[Data excerpts]
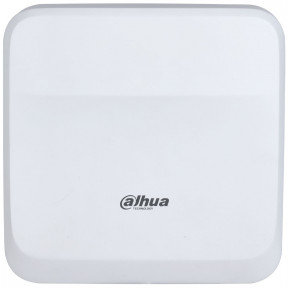 Dahua Technology DHI-ASC3202B - Контролер доступу зображення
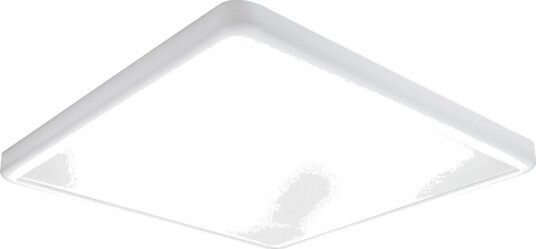 SG Sense Surface 600x600 28W 3870lm 4000K DALI/Push Dim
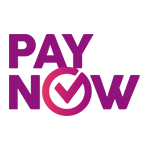 PayNow
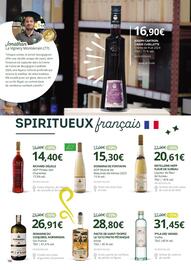 Catalogue La Vignery page 18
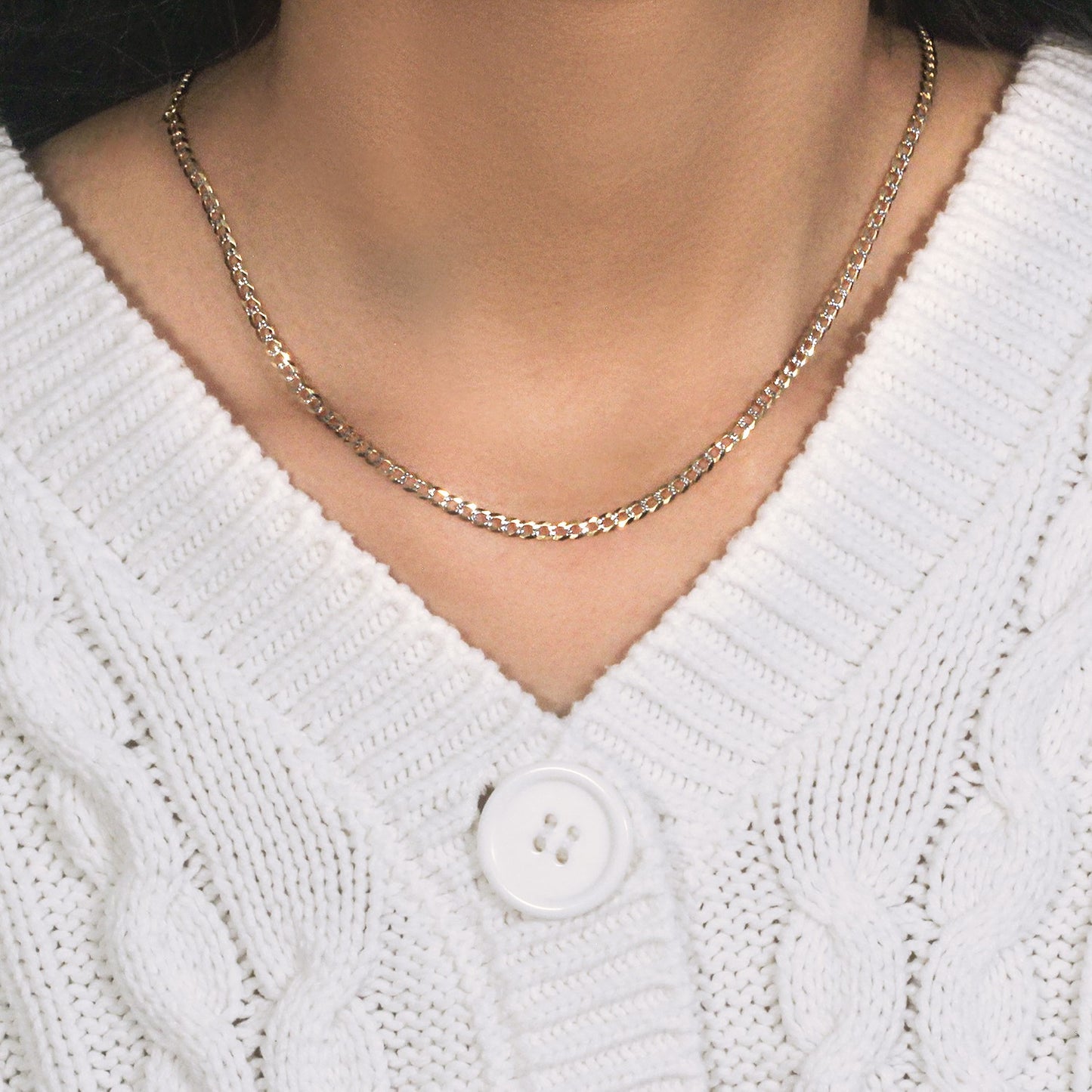 Peelerie jewelry piece in midnight luxury editorial product photo, high-contrast studio lighting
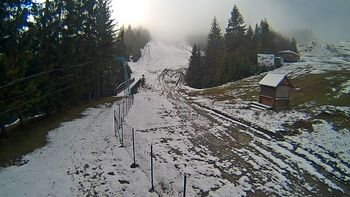 Подобовець 23 листопада 2017 року, 2017-11-23 13:00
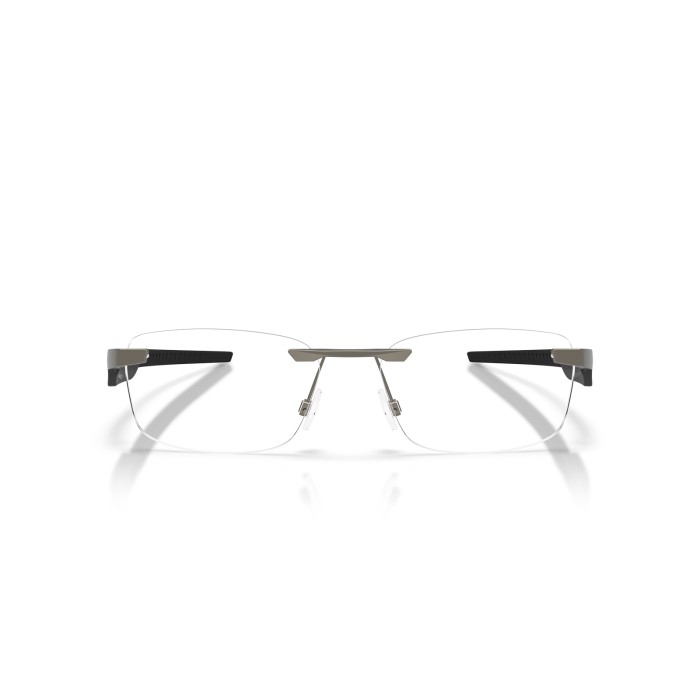 OAKLEY STEAKHOUSE 1.0 OX3126 312602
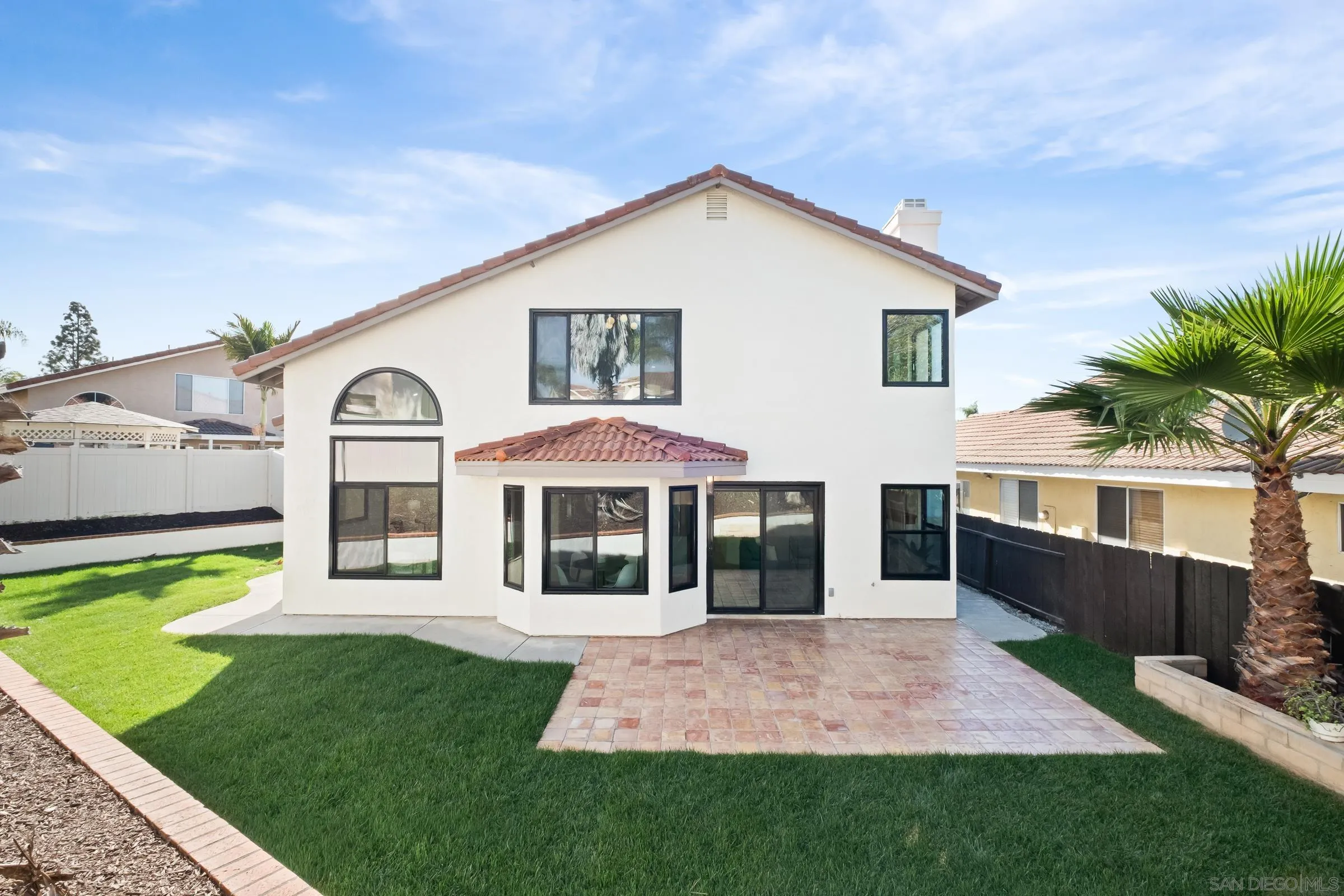 https://cdn.realtyfeed.com/cdn/127/260003622/f4a035913801598cb607587e97e7cdc1.webp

- _Your instructions_
Where a picture appears in the records above, omit it, and transcribe exactly the stretch of lines from the one with "Peelerie jewelry piece" through the one with "OAKLEY STEAKHOUSE 1.0 OX3126 312602".

- _Solution to this exercise_
 Peelerie jewelry piece in midnight luxury editorial product photo, high-contrast studio lighting
 Подобовець 23 листопада 2017 року, 2017-11-23 13:00
 OAKLEY STEAKHOUSE 1.0 OX3126 312602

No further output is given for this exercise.